Samson various Working Interests
Samson has working interests in six producing wells and one well will be undergoing fracture stimulation in the North Stockyard Field in November. These wells are located in Williams County, North Dakota, in Township 154N Range
99W.
| 1. | The Harstad #1-15H well (34.5% working interest) averaged 34 BOPD and 8 Mcf/D for the quarter from the Mississippian Bluell Formation. The well has performed as expected with a cumulative gross production of 92 MSTB and 81 MMcf. |
| 2. | The Leonard #1-23H well (10% working interest, 37.5% after non-consent penalty) averaged 46 BOPD and 50 Mcf/D during the quarter. This well was drilled as a horizontal lateral into the highly productive middle member of the Bakken Formation. To date, the Leonard #1-23H well has produced approximately 87 MSTB and 83 MMcf. |
| 3. | The Gene #1-22H well (30.6% working interest) produced at an average daily rate of 115 BOPD and 35 Mcf/D during the quarter. The cumulative production to date is approximately 99 MSTB and 112 MMcf. |
| 4. | The Gary #1-24H well (37% working interest) averaged 132 BOPD and 150 Mcf/D during the quarter. The cumulative production to date is approximately 90 MSTB and 146 MMcf. |
| 5. | The Rodney #1-14H well (27% working interest) produced at an average daily rate of 284 BOPD and 259 Mcf/D. The cumulative production to date is approximately 48 MSTB and 49 MMcf. |
| 6. | Earl #1-13H well (32% working interest) produced at an average daily rate of 417 BOPD and 452 Mcf/D. These average rates take into account several down days due to well workovers. Cumulative production to date is approximately 71 MSTB and 93 MMcf. |
| 7. | The Everett #1-15H well (26% working interest) was the sixth Bakken well drilled in the North Stockyard Field in May. The well is still currently waiting on completion with an expected November frac date. |
Samson’s net average daily (after royalties) production rate for the quarter is set out below:
Well | | Net Mcf/D | | | Net BOPD | | | Net BOEPD | |
Leonard #1-23H | | 4.50 | | | 3.34 | | | 4.09 | |
Harstad #1-15H | | 2.25 | | | 8.75 | | | 9.12 | |
Gene #1-22H | | 8.77 | | | 28.87 | | | 30.33 | |
Gary #1-24H | | 47.46 | | | 35.94 | | | 43.85 | |
Rodney #1-14H | | 46.09 | | | 57.20 | | | 64.88 | |
Earl #1-13H | | 130.31 | | | 99.84 | | | 121.55 | |
Total | | 239.38 | | | 233.94 | | | 273.82 | |
Sabretooth Gas Field, Brazoria County, Texas
Oligocene Vicksburg Formation, Gulf Coast Basin
Samson 12.5% Working Interest
During the quarter this well reached pay out and thus Samson’s net revenue interest has dropped from 12.5% to 9%. Production for the Davis Bintliff #1 well averaged 4.42 MMcf/D and 51.2 BOPD for the quarter, which is essentially a constant rate from inception. Cumulative production to date is approximately 3.8 Bcf and 45,800 barrels of oil.

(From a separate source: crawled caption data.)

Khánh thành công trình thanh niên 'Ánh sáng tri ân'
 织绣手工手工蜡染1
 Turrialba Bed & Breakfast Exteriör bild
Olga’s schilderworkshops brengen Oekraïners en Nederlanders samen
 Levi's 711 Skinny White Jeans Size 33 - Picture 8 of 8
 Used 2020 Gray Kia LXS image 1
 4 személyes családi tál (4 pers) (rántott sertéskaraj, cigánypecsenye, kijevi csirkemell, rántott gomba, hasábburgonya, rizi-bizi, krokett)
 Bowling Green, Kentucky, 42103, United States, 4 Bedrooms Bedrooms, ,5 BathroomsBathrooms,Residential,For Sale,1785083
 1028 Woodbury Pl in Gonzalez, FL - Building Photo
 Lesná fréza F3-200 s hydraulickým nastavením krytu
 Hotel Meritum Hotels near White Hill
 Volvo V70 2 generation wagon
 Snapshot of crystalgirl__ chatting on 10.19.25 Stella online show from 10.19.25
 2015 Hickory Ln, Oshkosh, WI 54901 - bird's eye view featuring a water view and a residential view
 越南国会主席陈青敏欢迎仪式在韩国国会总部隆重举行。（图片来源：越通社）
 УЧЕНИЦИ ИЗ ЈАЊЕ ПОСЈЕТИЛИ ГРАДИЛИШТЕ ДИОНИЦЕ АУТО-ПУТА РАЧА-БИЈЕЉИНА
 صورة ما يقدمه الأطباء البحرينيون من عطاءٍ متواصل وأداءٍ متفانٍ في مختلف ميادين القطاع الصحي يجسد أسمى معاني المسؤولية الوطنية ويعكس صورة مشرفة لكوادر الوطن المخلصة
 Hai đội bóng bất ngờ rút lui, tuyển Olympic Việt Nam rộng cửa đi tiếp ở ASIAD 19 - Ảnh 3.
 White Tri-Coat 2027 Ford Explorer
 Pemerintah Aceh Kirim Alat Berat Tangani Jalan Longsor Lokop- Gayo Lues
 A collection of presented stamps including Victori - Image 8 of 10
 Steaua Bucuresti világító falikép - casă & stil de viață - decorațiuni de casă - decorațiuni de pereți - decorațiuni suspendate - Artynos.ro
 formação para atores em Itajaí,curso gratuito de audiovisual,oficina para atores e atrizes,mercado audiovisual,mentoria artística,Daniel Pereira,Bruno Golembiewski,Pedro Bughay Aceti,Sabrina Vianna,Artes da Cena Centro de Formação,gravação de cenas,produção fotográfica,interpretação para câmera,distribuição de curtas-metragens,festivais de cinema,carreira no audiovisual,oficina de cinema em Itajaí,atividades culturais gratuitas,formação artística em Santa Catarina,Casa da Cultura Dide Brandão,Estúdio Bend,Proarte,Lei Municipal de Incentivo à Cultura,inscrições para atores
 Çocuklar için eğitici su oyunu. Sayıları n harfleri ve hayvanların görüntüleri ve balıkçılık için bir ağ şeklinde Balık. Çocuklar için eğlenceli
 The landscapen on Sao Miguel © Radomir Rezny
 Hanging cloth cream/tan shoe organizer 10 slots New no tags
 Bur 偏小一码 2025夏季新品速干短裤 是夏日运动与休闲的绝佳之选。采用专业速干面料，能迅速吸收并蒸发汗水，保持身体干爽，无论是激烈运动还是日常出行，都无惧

Completed our first quarter reporting as a U.S. domestic issuer
We commenced filing as a U.S. domestic issuer on July 1, 2011. Since we remain organized in Australia, we are still considered to be a domestic company in Australia as well. As a result, we are required to report in the U.S. using U.S. Generally Accepted Accounting Principles (“U.S. GAAP”) and in Australia using International Financial Reporting Standards (“IFRS”). During the quarter, we filed our first Annual Report on Form 10-K, converted our selling shareholder registration statement on Form F-3 to the domestic issuer Form S-3, and filed three Current Reports on Form 8-K.
Lease Operating Expenses
Lease operating expenses have shown a general rising trend over the past three years. In the past, we have not been operator of our material fields, so these costs were largely outside of our control. We expect to have more control over our lease operating costs in the coming years as we will be the operator of our two major projects – Hawk Springs and Roosevelt. Because these projects are largely exploration plays at this time, we do not have any historical lease operating expense information.
Looking Ahead
We plan to focus on two main objectives in the coming 12 months:
| · | The appraisal and development of our Hawk Springs project, including both conventional and unconventional targets on our acreage in Goshen County, Wyoming through the completion of our two test wells – Defender US 33 #2-29H and Spirit of America US#34 1-29. |
| · | The appraisal and development of our Roosevelt project in Roosevelt County, Montana with drilling expected to commence on our first test well, Australia II 12 KA 6 in the fourth quarter of calendar year 2011. |
Results of Operations
The following table reflects the components of our oil and natural gas production and sales prices, and our operating revenues, costs and expenses, for the periods indicated, including results from discontinued operations.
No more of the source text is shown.